If you like House (for the medical mystery aspect rather than the snark), you
may also like Berton Roueche's writing. _The Medical Detectives_ is a pretty
good collection.

------
Starmonkey
A good article, but intimidating, in a way. And I see this quite a bit in
terms of budding programmer advice. It boils down to "you need to read this,
and then read that, and then read this," and then the comments section will
have even more suggestions for reading.

As I get older, and have kids, I find my ability to sit down and read all of
this, and somehow retain it, decreasing. I've recently decided to "get back
into" coding (won't go into the history as it isn't tangential to the
discussion). I've been having some fun with very, very tiny beginner level
programs in Ruby. When I build a list of jobs I would want with Ruby
involvement, I find I also need to brush up on my Javascript and learn JQuery.
I need to get a full understanding of Git/Github. I should also learn Rails
and Sinatra, VIM, and get reacquainted with CSS.
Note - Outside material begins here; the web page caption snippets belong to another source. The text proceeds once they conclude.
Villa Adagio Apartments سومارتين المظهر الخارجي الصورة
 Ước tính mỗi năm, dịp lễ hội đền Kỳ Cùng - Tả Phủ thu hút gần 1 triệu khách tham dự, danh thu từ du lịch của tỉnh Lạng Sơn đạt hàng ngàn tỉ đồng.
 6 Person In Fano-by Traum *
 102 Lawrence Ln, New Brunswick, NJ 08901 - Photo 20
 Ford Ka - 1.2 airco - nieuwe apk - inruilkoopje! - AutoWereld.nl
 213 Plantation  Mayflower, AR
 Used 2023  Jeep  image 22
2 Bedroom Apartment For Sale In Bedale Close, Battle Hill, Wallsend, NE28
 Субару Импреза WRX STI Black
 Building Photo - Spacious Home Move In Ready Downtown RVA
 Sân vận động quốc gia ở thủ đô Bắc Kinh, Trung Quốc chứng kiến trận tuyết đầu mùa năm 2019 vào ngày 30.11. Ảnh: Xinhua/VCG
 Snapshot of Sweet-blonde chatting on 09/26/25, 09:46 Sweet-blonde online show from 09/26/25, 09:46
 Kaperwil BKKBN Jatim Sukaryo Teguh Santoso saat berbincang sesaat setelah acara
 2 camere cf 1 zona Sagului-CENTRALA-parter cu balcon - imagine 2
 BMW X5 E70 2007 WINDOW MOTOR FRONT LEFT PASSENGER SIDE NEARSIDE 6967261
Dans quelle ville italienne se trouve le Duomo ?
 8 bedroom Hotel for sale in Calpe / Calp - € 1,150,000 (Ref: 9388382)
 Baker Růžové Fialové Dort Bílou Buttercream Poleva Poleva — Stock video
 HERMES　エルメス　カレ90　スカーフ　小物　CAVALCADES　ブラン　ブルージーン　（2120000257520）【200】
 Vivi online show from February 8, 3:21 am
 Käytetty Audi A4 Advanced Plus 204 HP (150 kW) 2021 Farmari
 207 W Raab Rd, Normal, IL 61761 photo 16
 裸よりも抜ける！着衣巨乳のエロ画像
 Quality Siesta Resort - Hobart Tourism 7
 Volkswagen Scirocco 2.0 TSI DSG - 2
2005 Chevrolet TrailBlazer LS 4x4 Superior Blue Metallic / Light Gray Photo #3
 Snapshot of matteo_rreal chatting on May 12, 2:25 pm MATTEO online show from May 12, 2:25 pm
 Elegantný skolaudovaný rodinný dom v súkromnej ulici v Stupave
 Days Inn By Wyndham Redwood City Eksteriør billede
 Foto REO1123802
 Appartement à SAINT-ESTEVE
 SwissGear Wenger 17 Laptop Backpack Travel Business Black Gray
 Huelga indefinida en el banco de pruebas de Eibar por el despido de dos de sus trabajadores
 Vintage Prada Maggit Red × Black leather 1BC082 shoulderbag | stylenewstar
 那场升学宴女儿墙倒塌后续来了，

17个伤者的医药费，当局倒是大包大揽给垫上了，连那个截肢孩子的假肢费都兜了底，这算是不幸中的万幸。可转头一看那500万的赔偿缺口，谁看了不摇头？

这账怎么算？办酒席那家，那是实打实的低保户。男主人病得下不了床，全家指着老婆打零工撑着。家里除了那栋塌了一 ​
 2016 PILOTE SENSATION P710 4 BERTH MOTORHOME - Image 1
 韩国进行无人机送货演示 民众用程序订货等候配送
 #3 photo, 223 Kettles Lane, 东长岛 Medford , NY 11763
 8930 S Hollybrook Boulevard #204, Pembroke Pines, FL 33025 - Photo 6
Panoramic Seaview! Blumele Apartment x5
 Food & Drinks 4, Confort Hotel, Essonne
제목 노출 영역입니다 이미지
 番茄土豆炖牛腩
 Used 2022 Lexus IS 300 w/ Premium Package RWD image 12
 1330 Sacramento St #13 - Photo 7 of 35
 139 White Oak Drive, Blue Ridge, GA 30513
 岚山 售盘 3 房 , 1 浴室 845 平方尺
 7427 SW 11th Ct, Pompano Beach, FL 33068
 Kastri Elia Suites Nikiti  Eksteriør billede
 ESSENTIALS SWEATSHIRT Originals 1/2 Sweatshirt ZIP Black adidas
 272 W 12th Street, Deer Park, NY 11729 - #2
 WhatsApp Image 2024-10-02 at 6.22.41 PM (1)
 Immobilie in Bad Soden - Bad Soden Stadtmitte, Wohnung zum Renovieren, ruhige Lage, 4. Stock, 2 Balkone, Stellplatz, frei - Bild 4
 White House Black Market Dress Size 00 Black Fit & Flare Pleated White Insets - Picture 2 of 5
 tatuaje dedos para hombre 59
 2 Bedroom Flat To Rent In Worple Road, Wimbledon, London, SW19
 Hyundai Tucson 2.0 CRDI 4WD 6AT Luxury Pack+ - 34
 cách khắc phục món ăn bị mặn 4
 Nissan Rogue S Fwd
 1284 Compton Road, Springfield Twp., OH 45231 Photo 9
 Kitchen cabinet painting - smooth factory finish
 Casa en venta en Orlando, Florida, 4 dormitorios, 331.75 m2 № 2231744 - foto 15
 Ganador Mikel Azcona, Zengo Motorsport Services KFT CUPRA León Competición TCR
On top of that, it really does seem that C is a requirement to really
understand what is happening in Ruby. It seems a lot of things that _why_
wrote for Ruby, he wrote in C.

Then there is all the additional readings, such as in this article, and
comments section. All of which seem incredibly legit, but leave me feeling
like I will never actually find the time to write code due to all the reading
I don't have time to do.

Is there an order of importance with all of this?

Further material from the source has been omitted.